Infrastructure & Load Growth
- Melissa Stickel
- May 19
- 4 min read
Resources exploring large load growth, infrastructure needs, siting questions, and long-term system planning.
Across Missouri and the broader Midwest, conversations around energy infrastructure are changing quickly.
For years, utilities and grid operators planned around relatively stable electricity demand. Today, that assumption is shifting. Data centers, industrial expansion, advanced manufacturing, electrification, and emerging technologies are creating new questions about transmission capacity, generation planning, siting, resilience, and long-term system readiness.
The MEPS archive shows that many of these conversations were already emerging years ago.
Through presentations, panels, and infrastructure-focused discussions, MEPS repeatedly explored how Missouri could prepare for future growth while balancing reliability, affordability, economic development, and infrastructure constraints.
The resources below offer a starting point for understanding how load growth and infrastructure planning are reshaping Missouri’s energy landscape.
Data Centers and Large Load Growth
One of the fastest-growing infrastructure conversations involves large electrical loads, particularly data centers and AI-related development.
These facilities require enormous amounts of reliable electricity, often with very aggressive construction timelines.
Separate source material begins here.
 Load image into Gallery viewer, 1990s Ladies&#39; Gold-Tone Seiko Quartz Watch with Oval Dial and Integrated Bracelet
That creates pressure on generation planning, transmission systems, substations, water infrastructure, workforce capacity, and local permitting processes.
The MEPS archive includes several resources exploring how large-load growth is changing utility planning and economic development conversations.
Featured MEPS Resources:
These resources are especially useful for understanding why utilities, regulators, economic developers, and policymakers are increasingly treating energy infrastructure as a competitive economic development issue.
Generation, Transmission, and System Readiness
Load growth is not just about adding megawatts.
It requires coordinated planning across generation, transmission, substations, distribution systems, fuel supply, and regional market operations. Infrastructure development often takes years, meaning utilities and stakeholders must plan long before demand fully materializes.
Several MEPS sessions focused directly on these challenges, particularly in rural and high-growth areas where infrastructure readiness can shape future investment opportunities.
Featured MEPS Resources:
Together, these resources help explain how regional transmission systems, infrastructure investment, and utility planning interact to support long-term reliability and growth.
Grid Modernization and Infrastructure Resilience
As demand patterns evolve, utilities are also modernizing the systems that move and manage electricity.
Grid modernization conversations throughout the MEPS archive focused on improving system flexibility, resilience, reliability, visibility, and operational efficiency. These discussions become even more important as infrastructure grows more complex and interconnected.
The archive includes resources examining both physical infrastructure upgrades and broader resilience planning.
Featured MEPS Resources:
These sessions help frame infrastructure as more than simply building additional capacity. They explore how systems must also become smarter, more adaptable, and more resilient under changing conditions.
Siting, Regional Coordination, and Infrastructure Constraints
Infrastructure growth often creates difficult siting and coordination questions.
Transmission projects, substations, generation facilities, and industrial developments all intersect with land use, permitting, environmental review, local government processes, and regional planning frameworks.
The MEPS archive repeatedly explored how regional coordination affects infrastructure planning, particularly through discussions involving MISO, SPP, renewables integration, and transmission policy.
Featured MEPS Resources:
These resources are valuable for understanding why infrastructure conversations increasingly involve not only utilities, but also local governments, developers, regulators, environmental stakeholders, and regional market operators.
Emerging Technologies and Future Infrastructure Needs
The archive also shows how emerging technologies are beginning to influence infrastructure planning decisions.
Advanced nuclear, energy storage, distributed energy resources, and flexible load management all appear throughout MEPS programming as possible tools for supporting future demand growth and grid reliability.
These technologies may shape how Missouri approaches future infrastructure investment and long-term system planning.
Featured MEPS Resources:
These discussions reflect a broader shift happening throughout the energy sector: infrastructure planning is no longer only about meeting today’s needs. It is increasingly about building systems capable of adapting to long-term uncertainty and rapid technological change.
Why These Resources Matter
The MEPS archive makes one thing very clear:
Infrastructure planning is no longer just a utility issue.
It affects:
Economic development
Industrial recruitment
Reliability
Community growth
Workforce needs
Regional competitiveness
Technology deployment
Environmental planning
Utility investment
Long-term affordability
The archive also shows that infrastructure conversations are deeply interconnected. Generation affects transmission. Transmission affects siting. Siting affects economic development. Economic development affects load growth. Load growth affects reliability planning.
None of these issues exist in isolation.
Looking Ahead
Missouri’s energy infrastructure conversations will likely become even more important in the years ahead.
As electricity demand grows and infrastructure timelines become longer and more complex, planning decisions made today may shape Missouri’s competitiveness and reliability for decades.
The MEPS archive provides a valuable starting point for understanding these trends.
Not simply as abstract infrastructure discussions.
But as practical conversations about how Missouri prepares for growth, supports communities, modernizes the grid, and builds the systems needed to power its future.